Turkey, Washington’s NATO ally, but whose president, Recep Tayyip Erdogan, whom Joe Biden has dubbed a “tyrant,” is not among the participating countries either.

“Tackling the Crisis”

In the Middle East, only Israel and Iraq were invited. The traditional Arab allies of the Americans, Egypt, Saudi Arabia, Jordan, Qatar and the UAE are absent.

Joe Biden also called for Brazil led by controversial far-right President Jair Bolsonaro.

In Europe, Poland was represented, despite repeated tensions with Brussels over respect for the rule of law, but Hungary under Prime Minister Viktor Orban is not.

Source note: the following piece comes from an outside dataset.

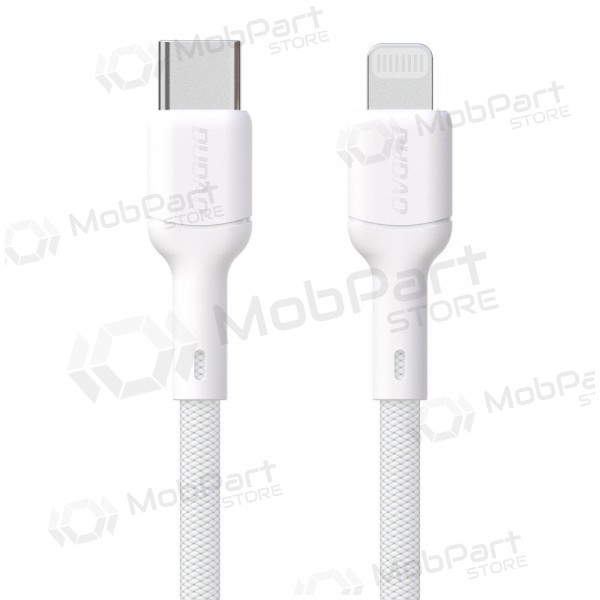 Cabo Lightning Dudao L9X USB-C para Lightning 2 m 30 W branco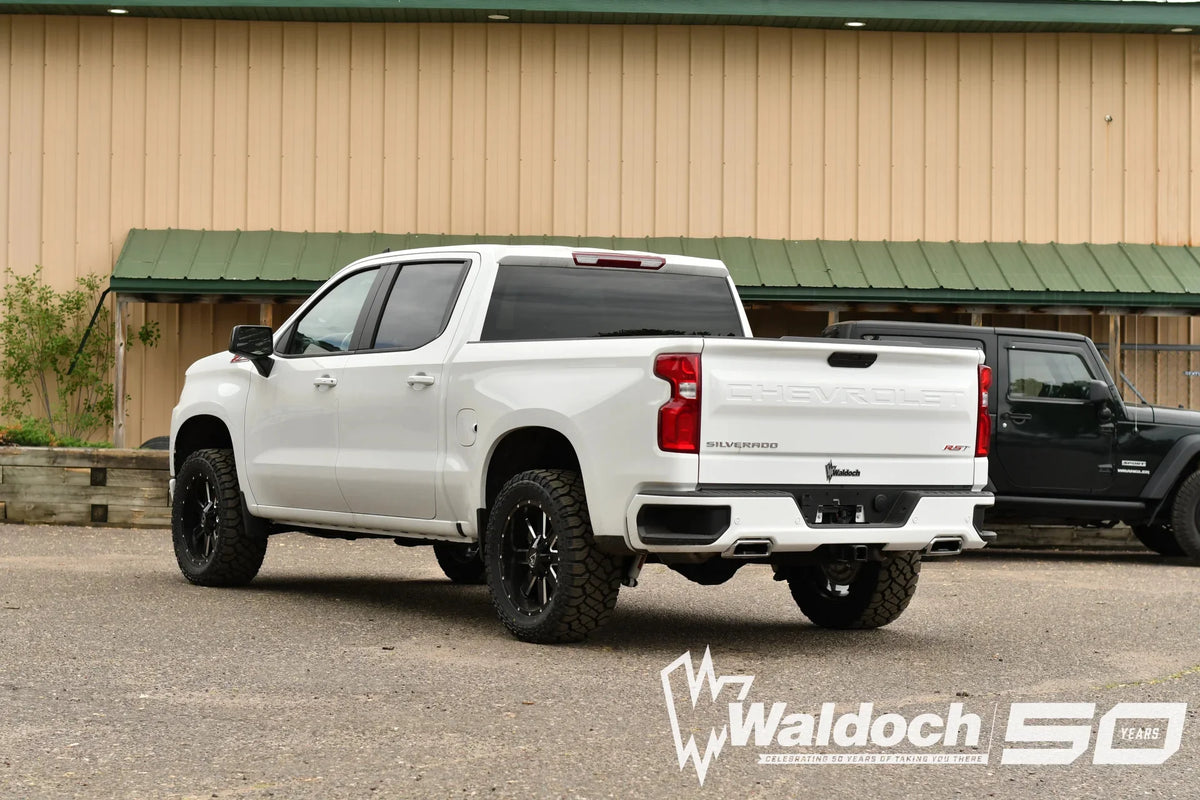 2019-2026 Chevrolet 1500 Waldoch Level DIY Package - Do It Yourself Truck Kit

On the African side, the Democratic Republic of the Congo, Kenya, South Africa, Nigeria and Niger are among the invited countries.

“There are good reasons for having a wide range of representatives: it allows for a better exchange of ideas,” Laleh Esfahani of the Open Society Foundation told the First Summit.

For her, rather than making it an anti-China meeting — “that would be a missed opportunity” — Joe Biden should take advantage of these meetings that will bring together leaders and civil society “to attack the crisis represented by the dangerous decline in democracy around the world, including the relatively solid models Like the United States.”